### SUPPLIED MATERIAL
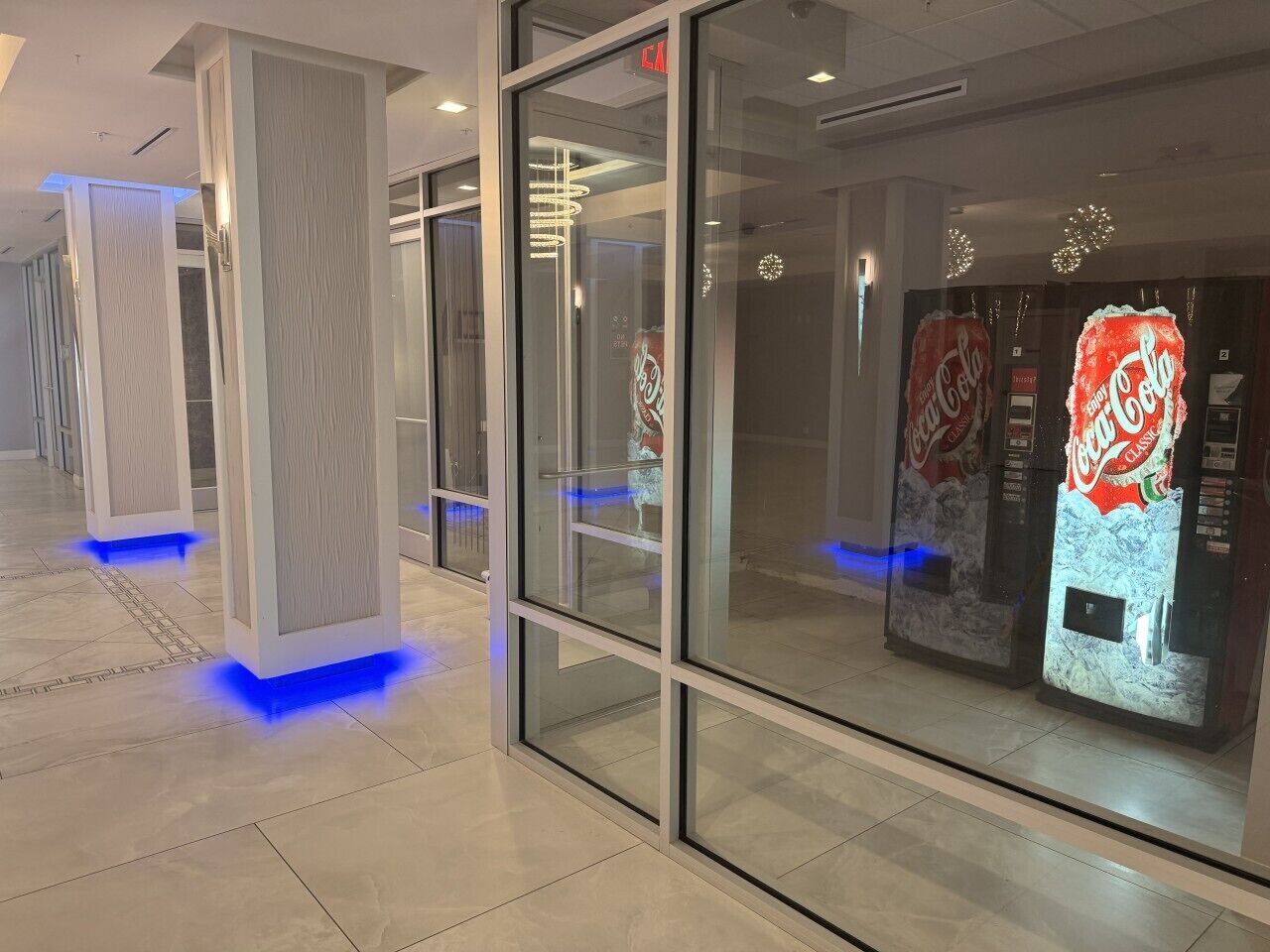 Um interior moderno com divisórias de vidro, uma máquina de refrigerantes Coca-Cola e pilares iluminados.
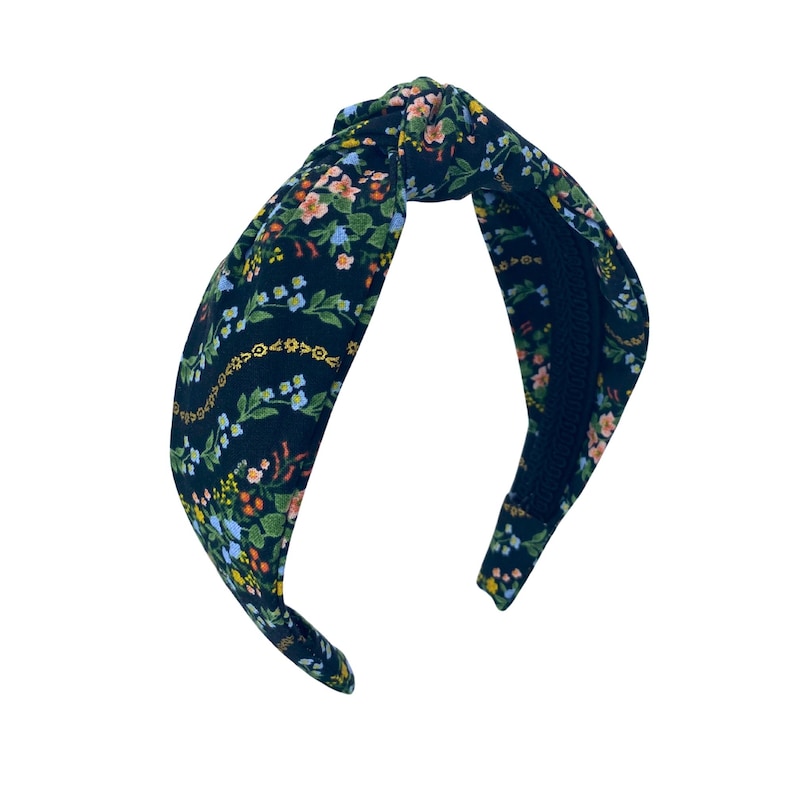 May include: A dark blue fabric headband with a knotted top. The headband is decorated with a floral pattern in shades of pink, yellow, and green. The headband is a stylish hair accessory.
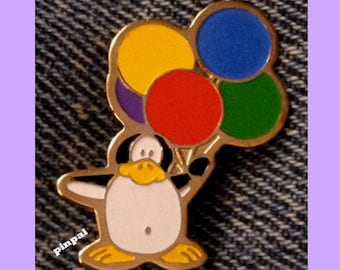 May include: A gold-colored penguin pin with a black beak and eyes, holding a bunch of colorful balloons. The balloons are red, yellow, blue, green, and purple.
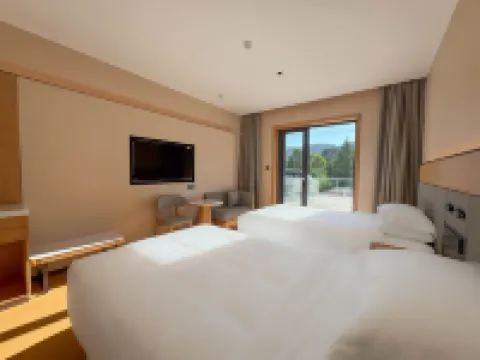 Yuanfang Shanshe Homestay Hotel (Rumeng Qikou) Các khách sạn ở Huyện Lâm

### AIM OF THE TASK
With pictures excluded, copy exactly the lines from the line containing "May include: A dark" through the last line of the listing above, both ends included.

### ANSWER TO THE PROBLEM
 May include: A dark blue fabric headband with a knotted top. The headband is decorated with a floral pattern in shades of pink, yellow, and green. The headband is a stylish hair accessory.
 May include: A gold-colored penguin pin with a black beak and eyes, holding a bunch of colorful balloons. The balloons are red, yellow, blue, green, and purple.
 Yuanfang Shanshe Homestay Hotel (Rumeng Qikou) Các khách sạn ở Huyện Lâm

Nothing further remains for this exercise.